For our examination of temperature differences by elevation, we restricted our analysis to the 18 natural habitat sites. Daily mean, minimum, and maximum temperatures were calculated for each site. Of course, these daily parameters are, at all sites, most strongly inﬂuenced day to day by the seasonal weather pattern. Because we wished to look for how sites differ from one another, we concentrated on the difference among the sites for each parameter each day by standardizing daily parameters to the deviation from the average across sites. The resulting 125 samples of each deviation parameter were found to be normally distributed at each site. For each parameter we used SAS v.8 (SAS Institute, 1999) to perform a mixed-model ANOVA considering habitat and elevation as ﬁxed effects, with individual site as a nested random effect. Least squares means with Bonferroni corrections were used in pairwise comparison among elevations.
In comparing temperature regimes across four habitat types (urban, coniferous, deciduous, and open), we used only low-elevation sites (the only elevation of urban sites). As described above, we calculated the difference from the mean for each parameter (in this case, the mean of 8 low-elevation sites) for each day.
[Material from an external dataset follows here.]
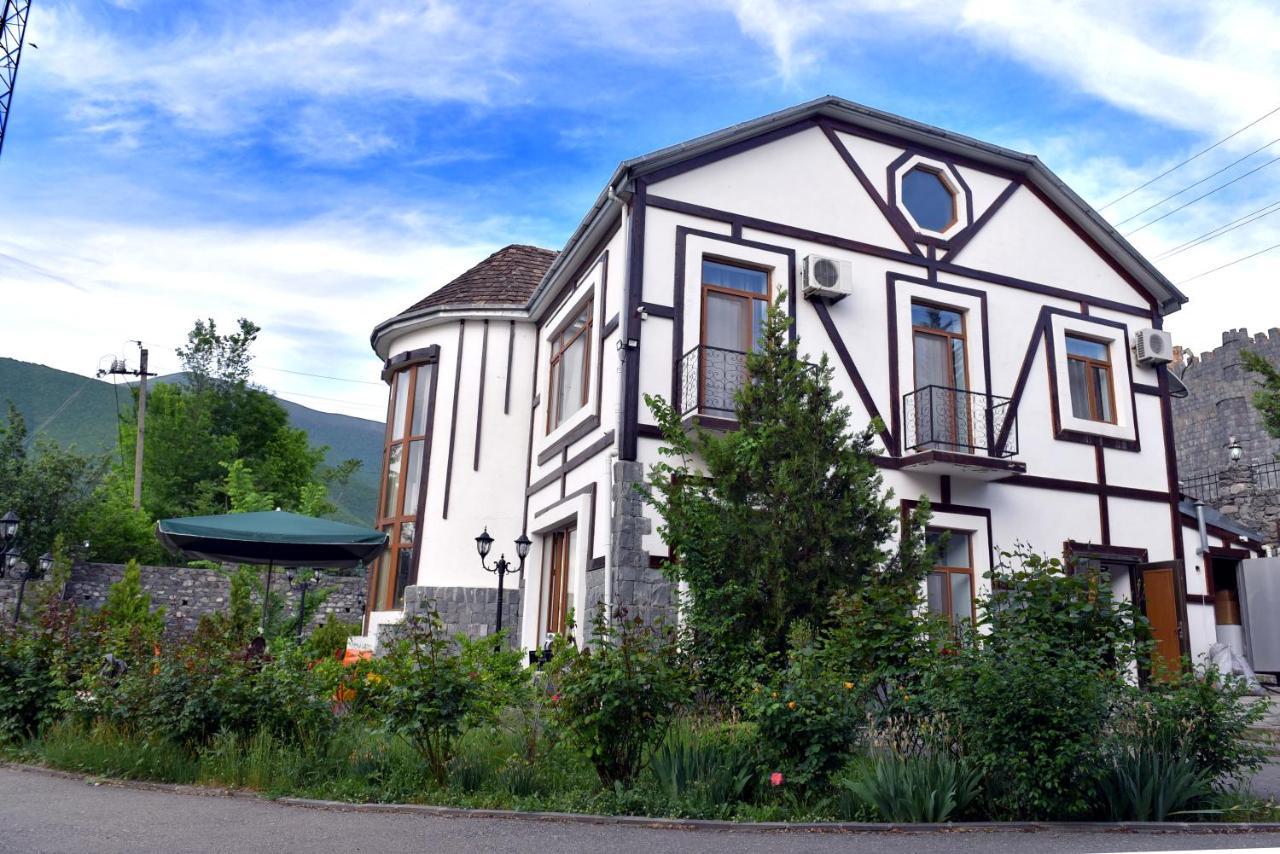 Ansera 55 Hotel Sheki Exterior photo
We again performed a mixed-model ANOVA on these deviation parameters, considering habitat as a ﬁxed effect and individual site as a random nested effect.
To examine the temperature variation among sites by time of day, we focused on the contrast between natural habitat sites and urban sites. The difference between each natural site and the urban average was calculated for every time point. For each time of day, a natural site’s deviations from the urban were averaged over all days. We selected four time points for statistical comparison: 19:00 (used to predict opossum foraging by Brocke, 1970) and three other times spaced at 6-hour intervals (01:00, 07:00, 13:00). Bonferroni corrections were used to adjust for family-wise Type I error rates when comparing the four time points.
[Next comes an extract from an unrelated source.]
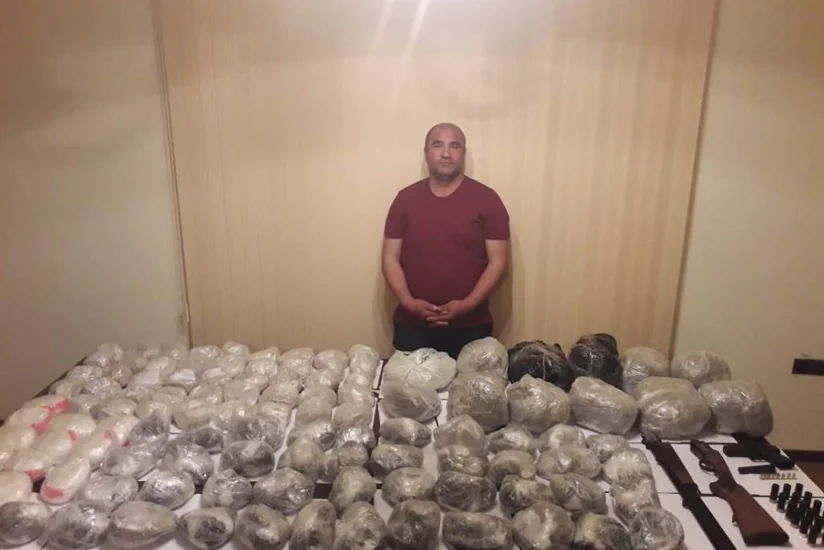 В Азербайджане наркоторговцы совершили автонаезд на пограничников - ВИДЕО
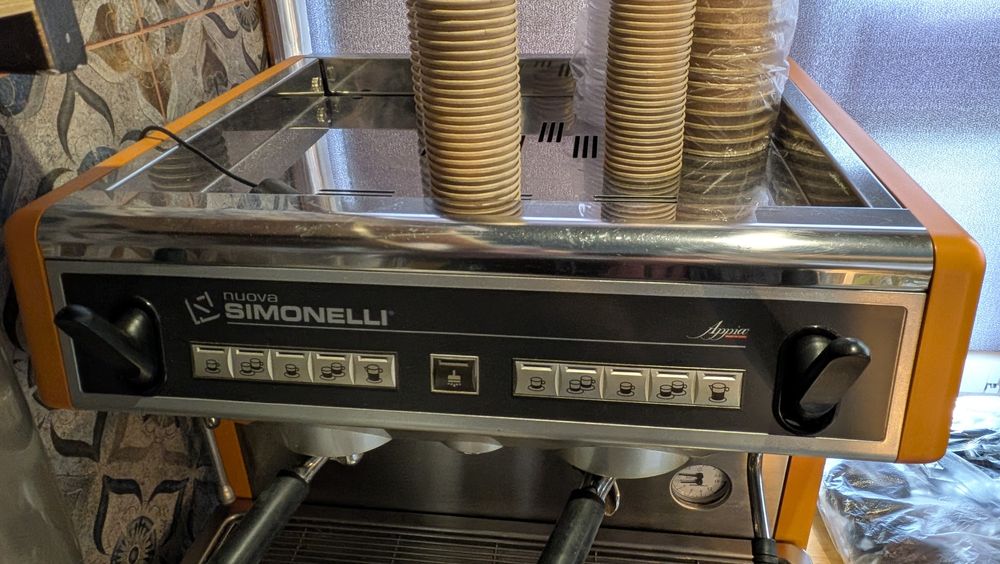 Кавова машина Simonelli Appia Compact II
Because our sensors were of different type and in different housing than the local weather station, direct comparison of temperature records between our sites and the local station was not appropriate. However, we wished to evaluate the temperature index
MICROCLIMATE AND OPOSSUM SURVIVALcurrently used for evaluating regimes for opossum survival, the count of daily maxima ≤0◦ C as recorded by the weather station, for its ability to act as proxy for evening temperature regimes across the landscape. We counted the records from the local weather station of days with daily maximum ≤0◦ C, the days with evening temperatures ≤−4◦ C at each site and the days with daily maximum ≤0◦ C at each site. Counts from sites and station were compared to identify which (if any) evening temperature regimes across the landscape were warmer than predicted by maximum daily temperatures at the weather station.
Results Temperature variation by elevation Elevation was a signiﬁcant effect on differences among natural sites in daily maxima, mean, and minima, but did not have high explanatory power. Maximum temperatures cooled as elevation increased ( p = 0.013, r 2 = 0.123), though only the difference between the low and high elevations was signiﬁcant ( p = 0.014). Daily mean temperatures also cooled with higher elevation ( p = 0.013, r 2 = 0.193). Pairwise comparisons could not distinguish between daily means at low-and mid-elevation sites, but found high-elevation sites to be cooler than both ( p = 0.016 and p = 0.026, respectively).